Mating Ewes or Cows in Confinement
Ewes and cows will mate really well in confinement as long as their body condition scores are adequate. Rams and bulls will also need to be adapted to the feeding regime in the confinement pens before they are introduced. Mating ewes in large mobs of 1,000 or more is common practice and very successful when these basic steps are followed. If you experience a run of hot days with daily maximum temperatures exceeding 30 degrees C and warm nights, it is worthwhile extending the length of the joining period by a week as hot weather is associated with loss of embryos in sheep in the first few days after fertilisation.
Situate confinement pens away from houses to avoid dust. If possible shear long woolled merinos before entry to the confinement area as wool yield will be significantly affected if shearing takes place after the sheep have been in confinement for a month or two.
Pink eye is a risk, particularly if your pens are very dusty. Be on the watch for pink eye and if it occurs please contact us.
How Much To Feed?
High energy density feeds (barley, wheat) are more efficient at maintaining weight than low energy density feeds (hay, oats) due to a higher efficiency of utilisation of feed energy by the animals (less energy is lost as heat of digestion). The amount to feed is determined by the genetic size of the livestock, age, sex, physiological status and target weight or condition score. The weekly Net Energy intake will determine the weight or condition score that the livestock maintain. Click here for a table of daily feeding rates for different classes of sheep and cattle.
High percentage cereal grain rations can deplete Calcium reserves in the body over time. If the confinement period is likely to last for 3 months or more, the addition of finely ground limestone to the grain at 15kg per tonne of grain should be considered. Early lambing ewes should be given limestone supplemented grain from their entry in to the confinement area.
Adapting Stock to High Percentage Grain Diets
Cereal grains contain most of their energy in the form of starch. Starch is a highly fermentable energy source that can be utilised by ruminants but only after the rumen microbiological population is adapted to turn the starch in to useable end products and not lactic acid. In the non adapted ruminant, the majority of the starch ends up as lactic acid which acidifies the rumen, kills all of the bacteria and protozoa essential for the rumen to function, acidifies the blood and kills the sheep.
The rumen microbiology take time to adapt to fermentable starch in the diet. Wheat and Barley can be safely used as an efficient feed in sheep and cattle once they are adapted to it and this can only be done safely by introducing them to the grain in increasing amounts over a 12-14 day period. Rumen alkalinisers have little effect on rumen pH and will not prevent acidosis in non adapted animals. Click here to download an example grain introduction sheet that you can follow.

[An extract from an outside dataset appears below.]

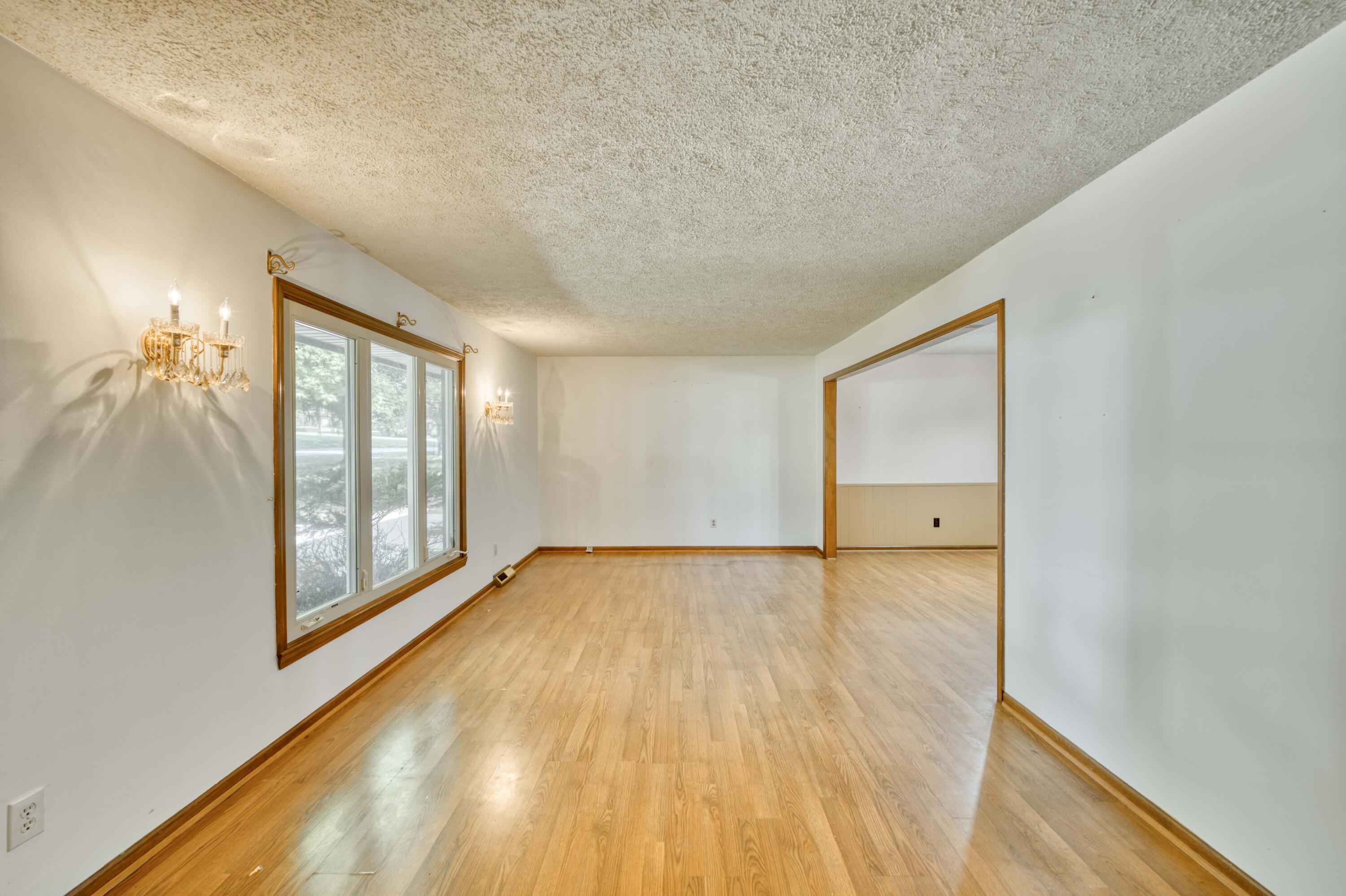 4852 South Charleston Avenue Property Photo 4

It is best to adapt your stock to the amount of grain that they will be fed in confinement before you put them in the pens if at all possible.
Confinement feeding is a very useful way of being able to manage your stock through the months leading up to the break of the season in a controlled and efficient way. Pens can be constructed relatively quickly and stock can be secured in them whilst work is undertaken to restore boundary fences then internal fences. A properly designed and managed confinement area can make life easier and free up time to focus on other important tasks in the rebuilding of your farm.